中学校を卒業する時、清さんは広君を毎日自転車で送り迎えして通学を助けた善行に対して特別表彰を受けました。みんなが大きな拍手を送り、私も本当に清さんは大変なことをよくやり遂げたと思いました。しかし直ぐ、思い過ごしかもしれないけれど私に対しては非難の声と罵倒が浴びせられているように感じてしまうのでした。
清さんが卒業して居なくなったので、今度こそ私が代わってやる番だと思って勇気を出して申し出たのですが、あっさりと断られてしまいました。広君は「もう自分の力で生きていく訓練をしないといけないから」と一人で家を早く出て登校し始めました。それは事実で素直に取ればよかったのでしょうが、私には拒絶されたという思いが重く圧し掛かってきました。周囲から「あいつ二匹目の泥鰌を狙ったな」と囁かれているようですごく嫌な思いをし、止せばよかったと後悔することになったのです。こうして二人の仲はどんどん遠く離れて行くのでした。
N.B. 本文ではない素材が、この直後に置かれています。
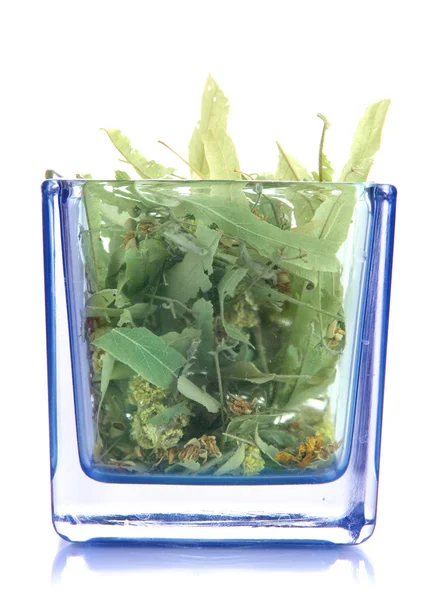 Sušené byliny ve skleněné nádobě izolované na bílém — Stock fotografie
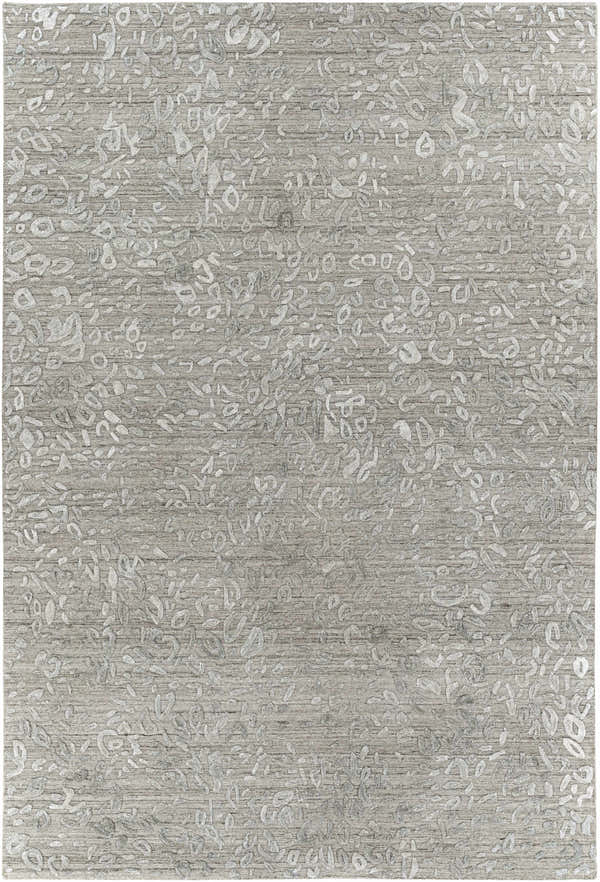 Close-up of the Newburn Area Carpet. Charcoal gray rug with a subtle, raised light gray abstract pattern. Hand-loomed texture. Design-Rectangle-69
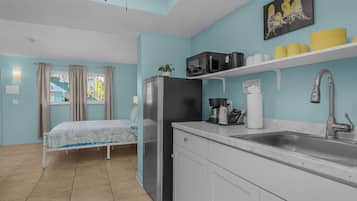 A compact kitchen with a refrigerator, microwave, and sink. There is a bed with a window view and a small plant on the counter.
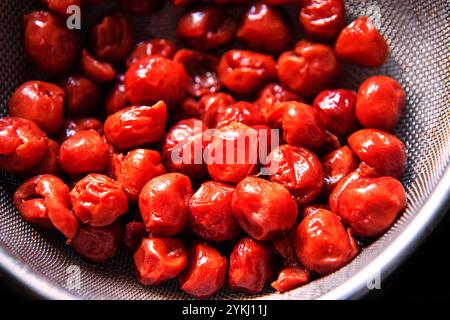 Frische Kirschen werden in einem Sieb gebohrt. Stockfoto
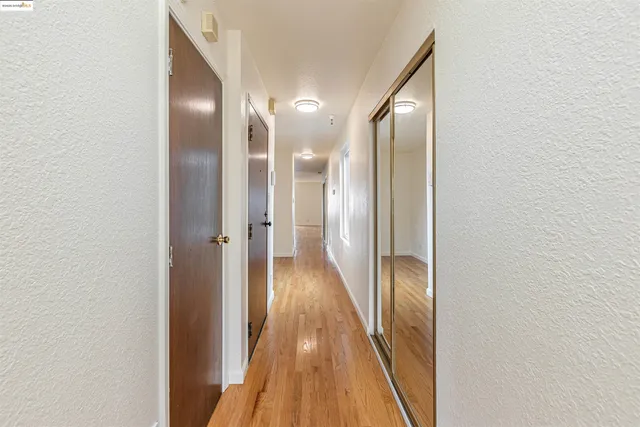 a view of a room with wooden floor and kitchen view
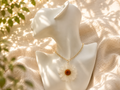 White daisy resin pendant necklace with real dried bloom on gold-plated chain, handmade by Held Forever Studio in Lancashire UK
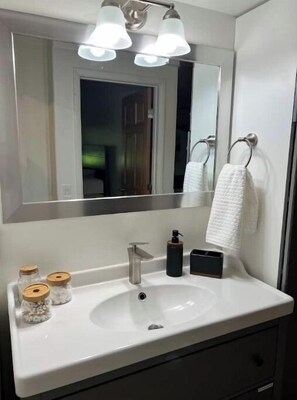 Hair dryer, towels, soap, shampoo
広君は中学校を卒業すると大阪の印刷会社に見習い工として就職し、私は高校進学のため家を出て町の下宿に入り、さらに大学進学のため東京へ来てしまい、音信は完全に途絶えてしまいました。
歳月は流れ再会
十数年の歳月が過ぎて、私は結婚し次々と子供ができて裕福ではないけれどまずまず人並みの家庭を持ってささやかに暮らしておりました。そんな私の家にある日突然、本当に突然松葉杖をついた広君が訪ねて来てくれたのです。全く予期せぬことだし何のもてなしもできませんでしたが、驚きと喜びとで私の心はてんやわんや、何を言ったのか、何をしたのか覚えていない程でした。はっきり言って私はもう少年時代のことは忘れてしまっていましたし、広君のこともすっかり忘却の彼方でこんな日を思ったこともありませんでした。なのに広君は私のことを覚えていてくれて、不自由な体で大阪からわざわざ東京まで訪ねて来てくれたのです。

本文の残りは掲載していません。